Что он задумал? Зачем средь враждебного племени медлит?
Разве о внуках своих, о Лавиния пашнях не помнит? [173]173
(Verg. Aen., IV, 232–236. Пер. С. А. Ошерова).
[Закрыть]
Когда Юпитер произносит эти слова, Эней находится у Дидоны в Карфагене, еще только на пути в Италию. Поэтому с точки зрения линейного представления о времени они кажутся противоестественными и непонятными – как можно лишить сына того, что еще не существует? В состоянии ли Эней помнить или не помнить о внуках, которых у него нет, и о пашнях Лавиния, существование которых не подозревает? Но все дело в том, что время здесь имеет особую структуру. Оно, как отмечалось выше, представляет собой не чистую длительность, текущую из прошлого в будущее через настоящее и безразличную к тому содержанию, которое окажется в него вложенным. Оно непосредственно тождественно этому содержанию и существует в нем; оно есть единое время-содержание, каковым является ход римской истории. Противоположность прошлого, настоящего и будущего для него относительна. Противоположность между ними есть, течение времени задано каждому в его непреложном опыте, Вергилию и его читателям в том числе, и описанные в поэме события вполне очевидно отстоят на много веков от современности. Так, сыну Энея Асканию предстояло царствовать «доколь обращенье луны не отмерит/Тридцать великих кругов», а его потомкам – править в Альбе Лонге «полных трижды сто лет», после чего только и начинается вся долгая римская история (I, 269–296). Противоположность эта, однако, не абсолютна, так как история (а она и есть единственная реальность времени) не столько разъединяет прошлое и настоящее, сколько связывает их и обнаруживает их друг в друге. Осуществляя свою миссию в Италии, Эней возвышает «до небес великую Трою делами» (III, 462), Римская империя есть лишь продолжение Трои и сама Троя (II, 295 и след.), современный Вергилию Рим живет тем, что было уже заложено в миссии Энея (V, 113–123. 596–604; VI, 756 и след.). Особенно примечательны стихи 792–797 шестой песни, где говорится, что Август создает золотой век – aurea condet saecula, одновременно вернув (rursus) его на древние Сатурновы пашни, и продолжит современную ему экспансию империи – proferet Imperium super Garamantos et Indos. Традиции римской государственности, в том числе и вполне живые в его время, Вергилий возводит к мифу, к эпической старине, сообщая им величие и извечность (VII, 601–622).

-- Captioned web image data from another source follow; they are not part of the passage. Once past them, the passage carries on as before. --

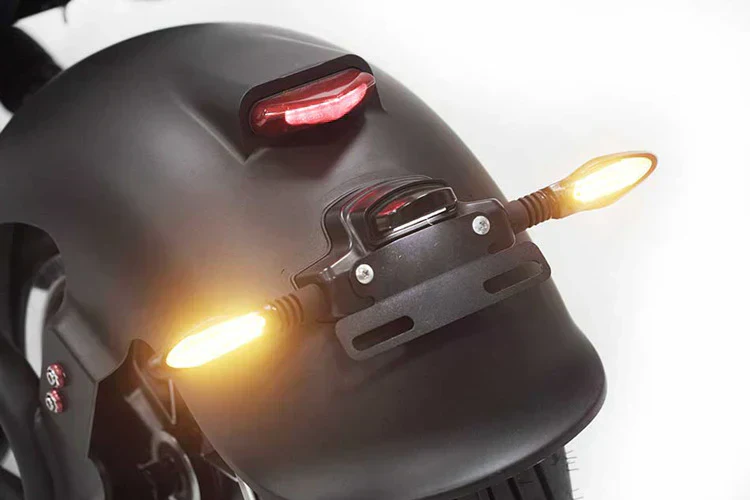 Mangosteen M1P Elektro-Chopper in Weinrot – 2000W Bürstenloser Motor, 60 km/h Hchstgeschwindigkeit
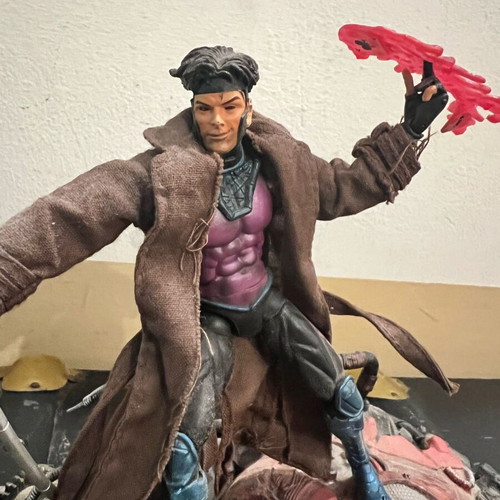 Marvel Gambit figure used Toy Biz 2001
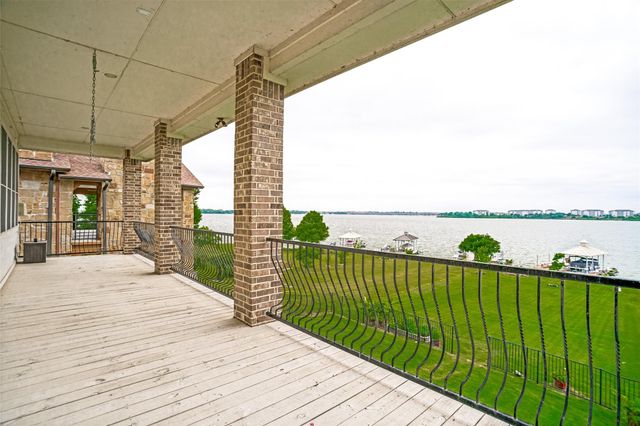 2213 Windjammer Way, Rowlett, TX 75088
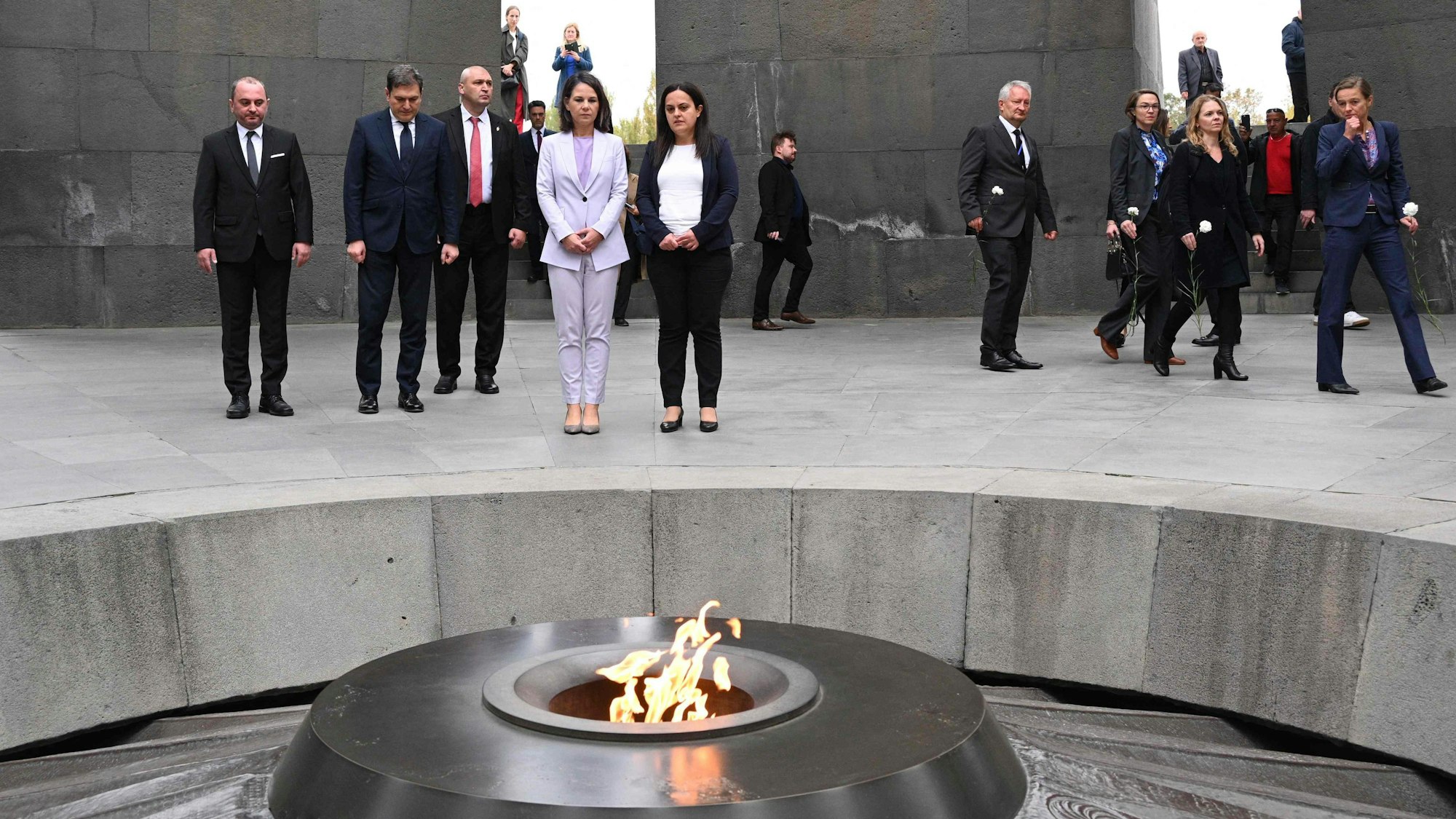 Deutschlands Außenministerin Annalena Baerbock (Grüne) gedenkt bei ihrer Armenien-Reise in Jerewan den Opfern des Völkermords in Armenien.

Нет сомнения в том, что такая трактовка современности как возрожденной исконно римской старины, а самих начал римской истории как пролога к империи Цезаря и Августа входила в программу официальной пропаганды первых принцепсов. Ясно также, что обнаруженное разрешение противоречия между консерватизмом римской государственности и римской идеологии, с одной стороны, и реальным их развитием – с другой, относилось к сфере идеала и мифа. Очень важно уловить, однако, что диалектическая концепция исторического времени у Вергилия, равно как диалектическая концепция пространства у Горация вместе с синтезированными в них более массовыми формами восприятия действительности, не исчерпывались ни эмпирическими обстоятельствами их создания, ни присущими им чертами идеала и мифа, а реально отражали специфический характер римской культуры, отражали подлинные глубинные процессы ее развития и росли из них.